ポストイットと忘れ去ったようで案外覚えてるなにか
どこ行った たしかに貼った ポストイット(字あまり)
ずいぶん以前のことです。
テレビを見ていると、初心者の方のためのパソコン講座的な番組が流れていました。
自慢じゃありませんが、パソコンに対する知識がゼロに等しい私はぼんやりとその番組を見ていました。
その中で外部メモリについて説明する部分があり、比喩を用いたVTRが写りました。
「全てのことを覚えておきながら他の作業をするのは難しいよね。
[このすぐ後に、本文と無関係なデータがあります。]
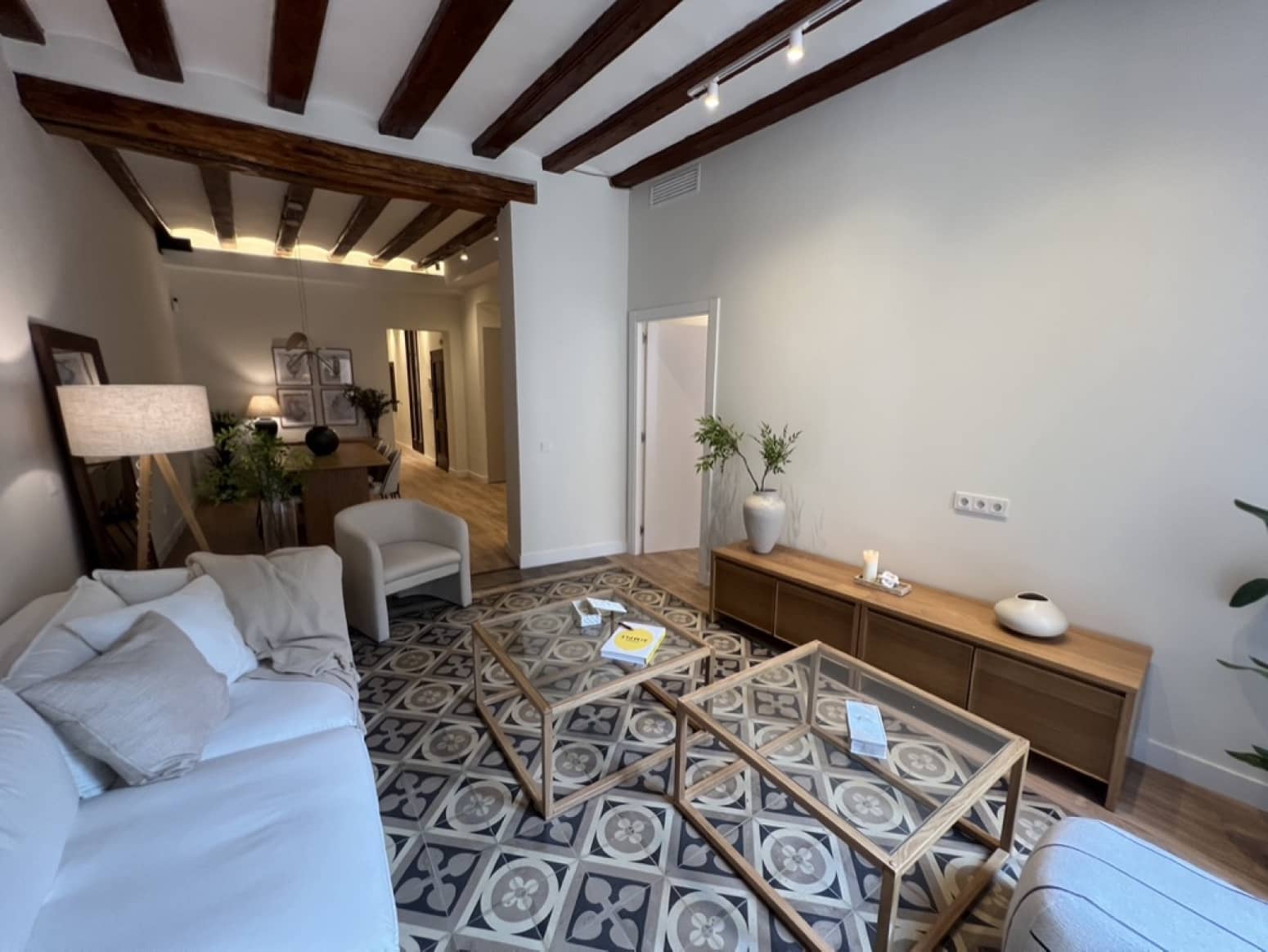 3 soveværelse Lejlighed til salg i Barcelona by - € 824.000 (Ref: 9035860)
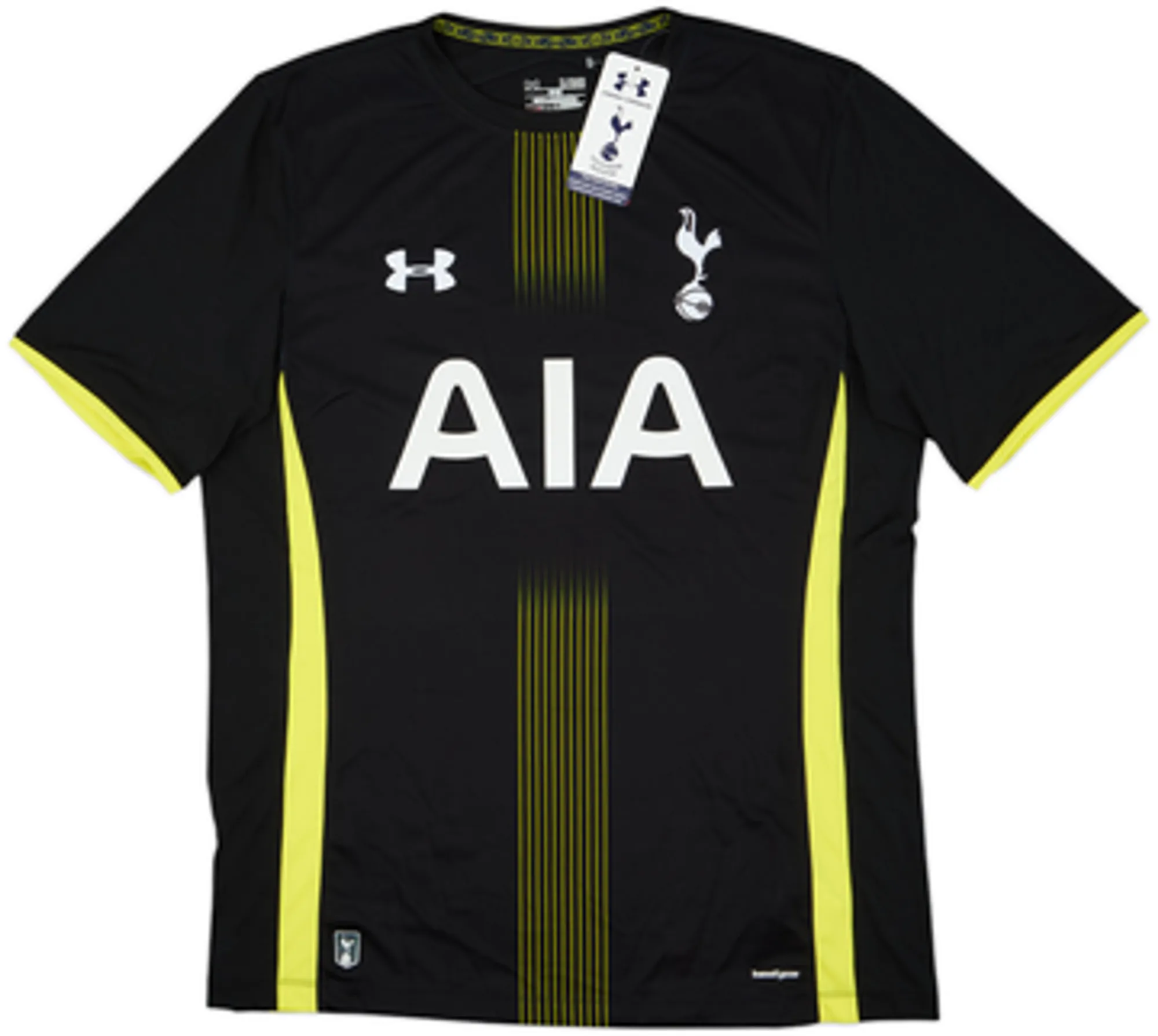 2014-15 Tottenham Away Shirt Kane #18 (XL)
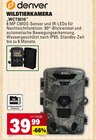 Aktuelles Wildtierkamera WCT8016 Angebot bei E center in Reutlingen ab 39,99 €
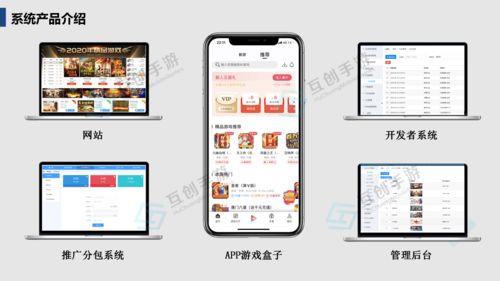 做手游代理就選互創手游,高品質讓你備受追捧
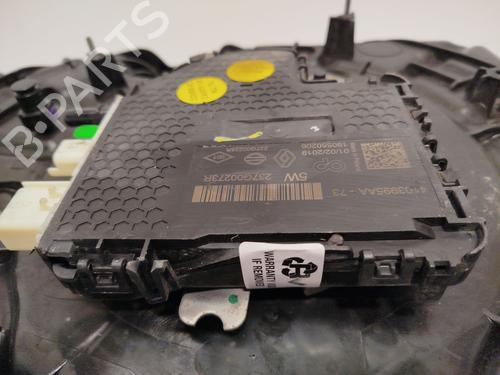 AdBlue tank DACIA SANDERO II 1.5 dCi | BP30883649M85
だから別の作業をするときにはいったんメモを取っておいて優先する作業に移り、その作業を終えてからメモを見ればいいんだよ」
パソコンが擬人化された人物がVTRのなかでそのように得意げに言いました。
スタジオに映像が戻り、司会者が「この『メモを取る』という作業が外部メモリを使用することに該当するんです」くらいのことを言いました。
ほほう、そういうもんか。
と、妙に納得した私はおもむろに側部にほこりがたまったポストイットを引き出しの奥から引っ張り出してきたのです。
これが今日から私の外部メモリだ。
よろしく頼むぜ相棒といいながらそのポストイットにキスをしたりはしませんでしたが、ともかく、その日私とポストイットの密約はなされたのでした。
それからというもの、私は作業の傍らにポストイットを置き、なにかメモすべきことはないかと血眼になって獲物を捜し求めました。
この仕事は○日まで、よし、ポストイット!
この部分修正しとかなきゃ、よし、ポストイット!
あの資料作っとかなきゃな、よっし、ポストイット!
今日のランチ何にしようか、よおおっし、カツカレー!
それは輝かしい日々になるはずでした…
パソコンのモニターのエッジに張られた大量のポストイットを見て、「これ、何のことだっけ?」と思うまでは…
期日が過ぎて、あの件どうなってんの?と聞かれたときに、足元に落ちて糊の部分がホコリまみれになっているポストイットの無惨な姿を目撃するまでは…
その後はメモアプリになすべきタスクを入力して、デスクトップに貼り付けておくようになりました。
文字もたくさん入力できますから、なんのことか後からしっかりわかるように出来ますし、当然足元に落ちることもありません。
考えてみれば、パソコン自体が人間の外部メモリの役割をしてくれるんだよねと当たり前のことに気づいたのです。
そのとき使い残したポストイットは今でも引き出しの奥に残っているのかもしれません。
中途半端に使われて半分ほどの厚みになったポストイットは日々出たり入ったりするクリップやボールペンたちとどんな時間を引き出しの中で過ごしているのでしょうか。
ポストイットに記入したことは半日で忘れて謎の怪文書になってしまっても、あのポストイットのことは時折おもい出します。
ポストイットは眠らない
私がそんな感傷にひたっている間、ポストイットはその進化をやめることはなかったようです。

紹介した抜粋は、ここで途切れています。